Ayase 僕が彼を天才だなと思ったのは、ikuraのヘアカラーを赤にすることを提案してくれたことです。やってみるまでわからないと思っていたけど、めちゃくちゃ似合っていて、すごいなと思いましたね。

ikura 自分でも赤髪はすごく気に入っています! 意外と似合うんだなって。

Ayase 衣装で特に大変だったのは、「勇者」でikuraが被ったベール付きハットですね。付け外しが簡単にできないし、重さがあるので動きの制限も出てきてしまうし……扱いがすごく難しいアイテムで、カメラで抜く角度やアップにする秒数まで、細かく決めて調節しました。それでもやっぱり大変なので、東京ドームでは違うベールに変えようという話になったんです。でも佐々木さんから、「どうしてもこのベールでいきたい」という、別れのLINEかと思うくらいの長文が前日の朝4時に送られてきて(笑)。この熱意は汲まないわけにいかないと強行したら、結果すごくいいものになりました。そんなふうに、自分のクリエイティブに自信を持つ人たちの、熱意と譲れないプライドの集合体と言える公演だったな……とつくづく思います。

「YOASOBI 5th ANNIVERSARY DOME LIVE 2024 “超現実”」の様子。(Photo by Yoshihiro Mori)

「YOASOBI 5th ANNIVERSARY DOME LIVE 2024 “超現実”」の様子。(Photo by Yoshihiro Mori)

──クラシカルなブラックドレスとベールが相まって、とても神聖な空気が漂っていましたね。YOASOBIの衣装としてはすごく新鮮に感じました。

ikura ありがとうございます。印象をガラッと変えることで、「後半戦が始まったぞ」と、改めて背筋を正すような空気が作れたらと思っていました。ハットの重さで首があまり動かせないので動き方がすごく難しかったんですけど、「どんなベールになってもやってみせます」という思いで乗り越えました。ドーム公演を通して、佐々木さんのこだわりと、そしてそのうえでスタイルを実現してくれるTakanohvskayaさん、船橋翔大さん、そしてアシスタントの皆さんのおかげで、最高のスタイリングになったと思います。

──こうして振り返ってみても、全編素晴らしい瞬間の連続だった「超現実」なので、難しい質問だとは思うのですが……今パッと思い浮かべて、特に印象に残っている曲やパートはどこでしょうか?

Ayase うーん……全部思い入れがあるので、難しすぎるんですけど……でもやっぱり僕は、オープニングですかね。目の前に広がった景色を見た瞬間、僕は大阪でも東京でも泣いてしまったので。あの瞬間は忘れられないですね。

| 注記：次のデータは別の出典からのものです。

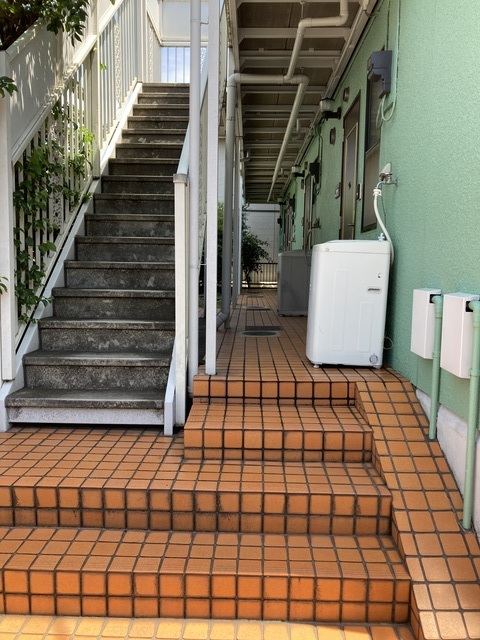 浜田山エイト0201号室 エントランス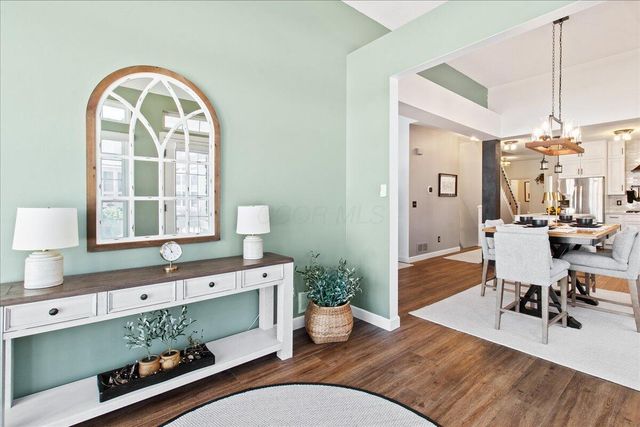 7542 Deer Valley Crossing, Powell, OH 43065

ikura うーん、本当に難しい……! 私はファイナルの「群青」かな。「群青」は今まで何度も歌ってきたけど、今までで一番くらい自分とリンクして、歌詞が自然と湧いてくる感覚があったんです。歌いながら本当に泣きそうになってしまったけど、私は泣いたら嗚咽してまったく歌えなくなってしまうタイプなので、がんばって耐えました。コントロールが効かないくらい、ギリギリまで来ていましたけど……。歌いながら歌詞が自分に刺さって、みんなが歌ってくれる声に励まされて、心の中で「終わらないで!」って叫んでいました。

──WOWOWの放送では、どんな部分に注目してほしいですか?

Ayase あまりにも見どころが多すぎるので、どこが採用されてどんな仕上がりの映像になっているのかが気になります。演出面でも見てほしい部分はたくさんありますし、何回観ても発見があるんじゃないかな。何より5年間僕たちがやってきたことの集大成なので、ikuraとAyaseの歩み、そして最新のYOASOBIの一挙手一投足をしっかり見てほしいです。血の通った、核の部分が伝わればいいなと。瞬きをする瞬間を惜しむほど、目をかっ開いて観てください!

Ayase

Ayase

ikura すべての瞬間に全員のこだわりが詰まっているので、できれば全集中して観てほしいです。リラックスして観たい方もいると思うから無理強いはできないけど(笑)、できれば隅々まで観てください! YOASOBIの音楽で歌を任せていただいているikuraとしては、ボーカリストとして出し切ったし、フレーズの1つひとつにとても心を込めました。それを感じてもらえたらうれしいです。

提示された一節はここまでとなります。